======== Source records

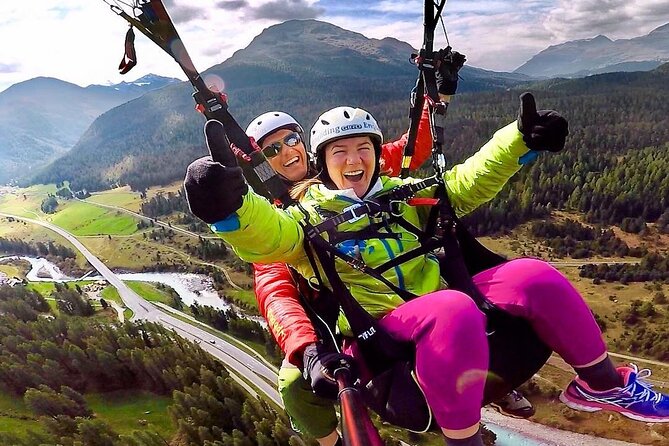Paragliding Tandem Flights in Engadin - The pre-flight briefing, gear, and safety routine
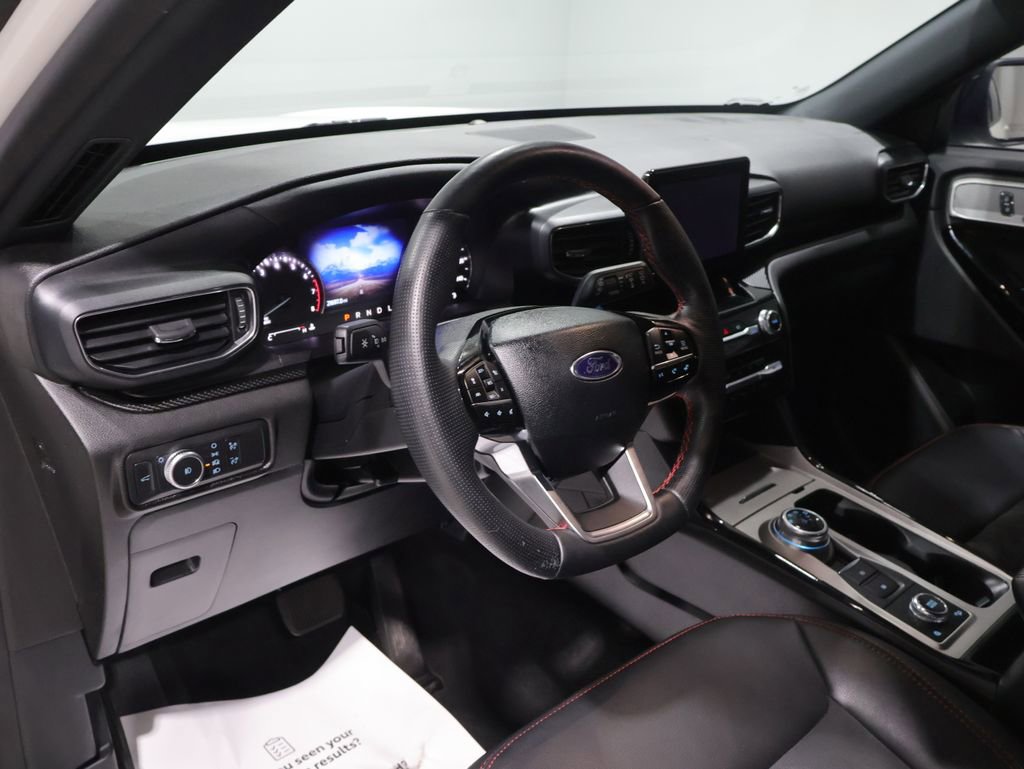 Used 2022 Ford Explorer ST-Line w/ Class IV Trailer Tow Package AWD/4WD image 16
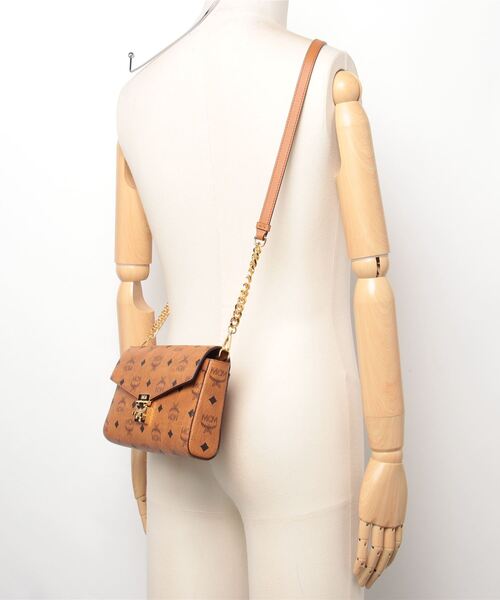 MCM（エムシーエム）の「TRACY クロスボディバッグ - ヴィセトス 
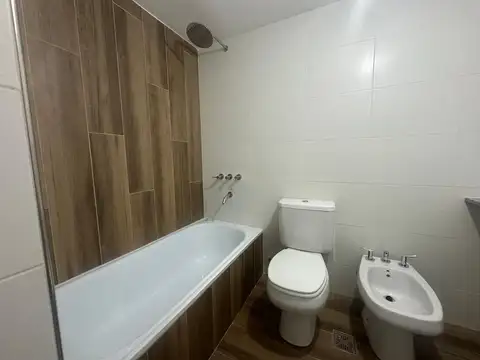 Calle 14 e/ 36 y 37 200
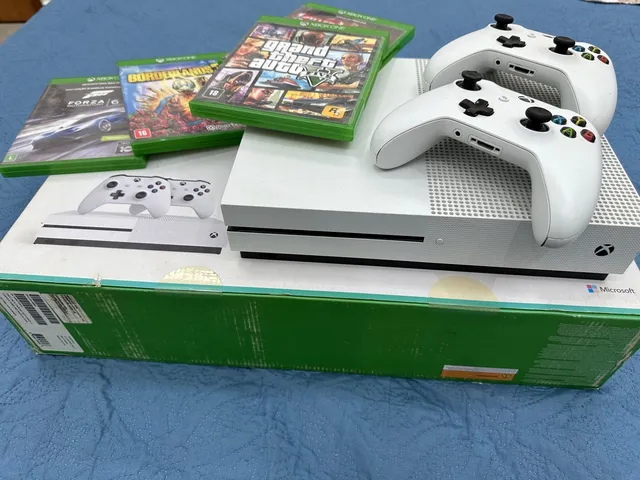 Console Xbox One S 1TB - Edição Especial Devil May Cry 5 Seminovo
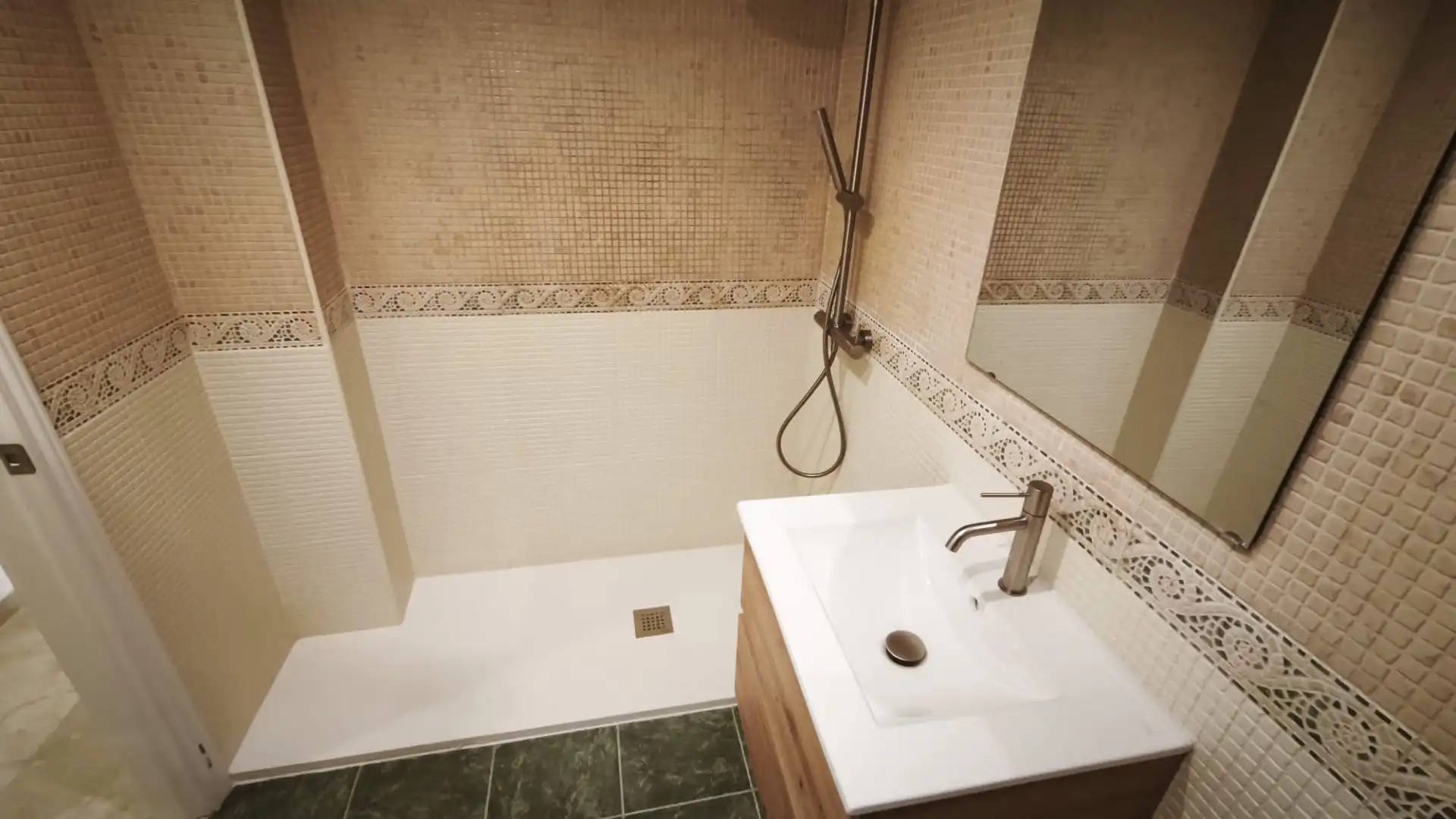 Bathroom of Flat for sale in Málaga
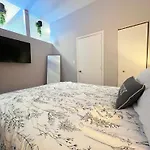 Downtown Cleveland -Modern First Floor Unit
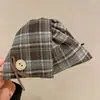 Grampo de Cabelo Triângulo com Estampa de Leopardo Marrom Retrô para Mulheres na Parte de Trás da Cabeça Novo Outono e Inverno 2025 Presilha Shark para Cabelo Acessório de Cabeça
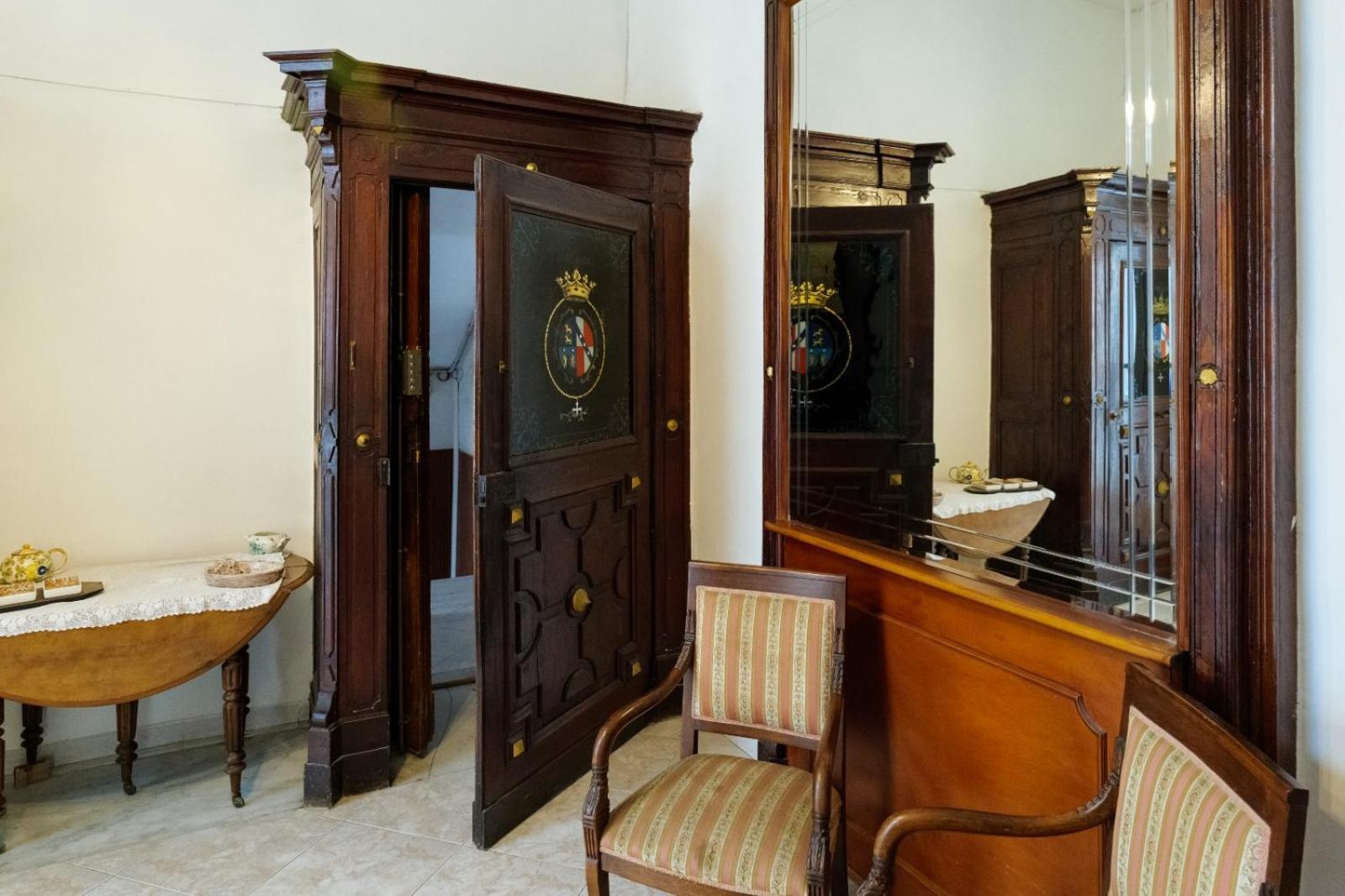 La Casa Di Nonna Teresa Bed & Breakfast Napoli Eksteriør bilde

================

● **What is expected**
Return only the lines running from the start of the entries above to the line that contains "Downtown Cleveland -Modern First Floor Unit", inclusive, and omit every picture.

● **Solution for this task**
Paragliding Tandem Flights in Engadin - The pre-flight briefing, gear, and safety routine
 Used 2022 Ford Explorer ST-Line w/ Class IV Trailer Tow Package AWD/4WD image 16
 MCM（エムシーエム）の「TRACY クロスボディバッグ - ヴィセトス 
 Calle 14 e/ 36 y 37 200
 Console Xbox One S 1TB - Edição Especial Devil May Cry 5 Seminovo
 Bathroom of Flat for sale in Málaga
 Downtown Cleveland -Modern First Floor Unit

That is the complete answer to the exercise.